Items from a data source:

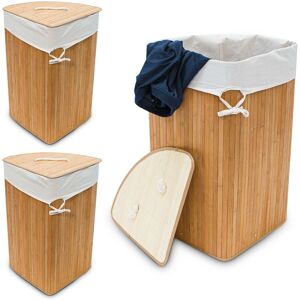 3x Corner Laundry Baskets Bamboo, Foldable 60 l, Space-saving, Cotton Bag, HxWxD: 65 x 49.5 x 37 cm, Natural - Relaxdays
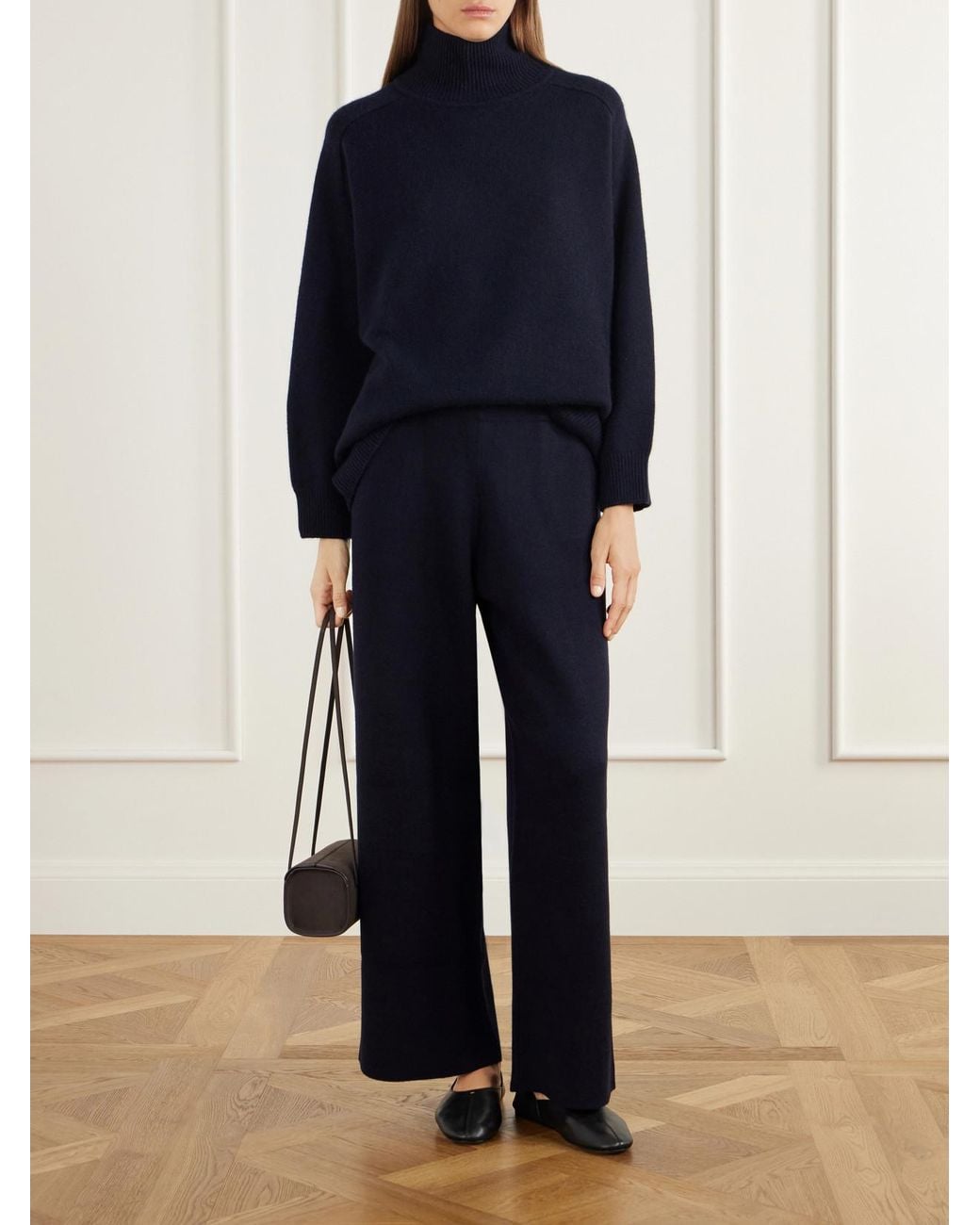 Allude Blue Cashmere Turtleneck Sweater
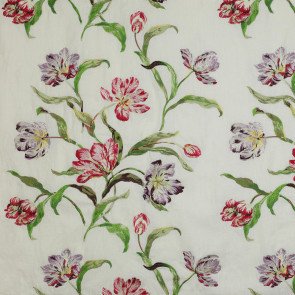 Colefax and Fowler - Delft Tulips Linen - Pink/Green - F3403/01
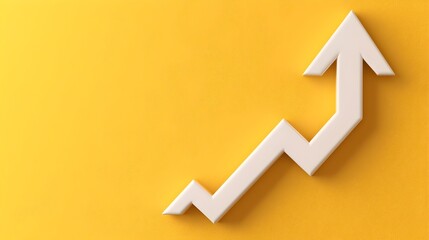 Downward white chart arrow and percent icon on a vibrant yellow background 3D render symbolizing the concept of falling interest rates and mortgages in the financial market and economy
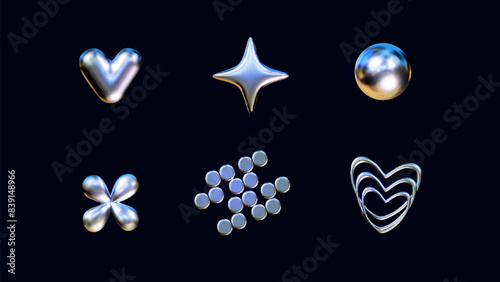 A vector image of six metallic shapes, including a heart, a star, a sphere, a flower, a cluster of circles, and a triple heart. The shapes are all silver and have a blue-purple iridescent sheen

ACTIVITY:
For this exercise, set down the lines in the entries above from the one with "Allude Blue Cashmere Turtleneck Sweater" through the one with "Downward white chart" exactly as written, without any pictures.

EXERCISE ANSWER:
 Allude Blue Cashmere Turtleneck Sweater
 Colefax and Fowler - Delft Tulips Linen - Pink/Green - F3403/01
 Downward white chart arrow and percent icon on a vibrant yellow background 3D render symbolizing the concept of falling interest rates and mortgages in the financial market and economy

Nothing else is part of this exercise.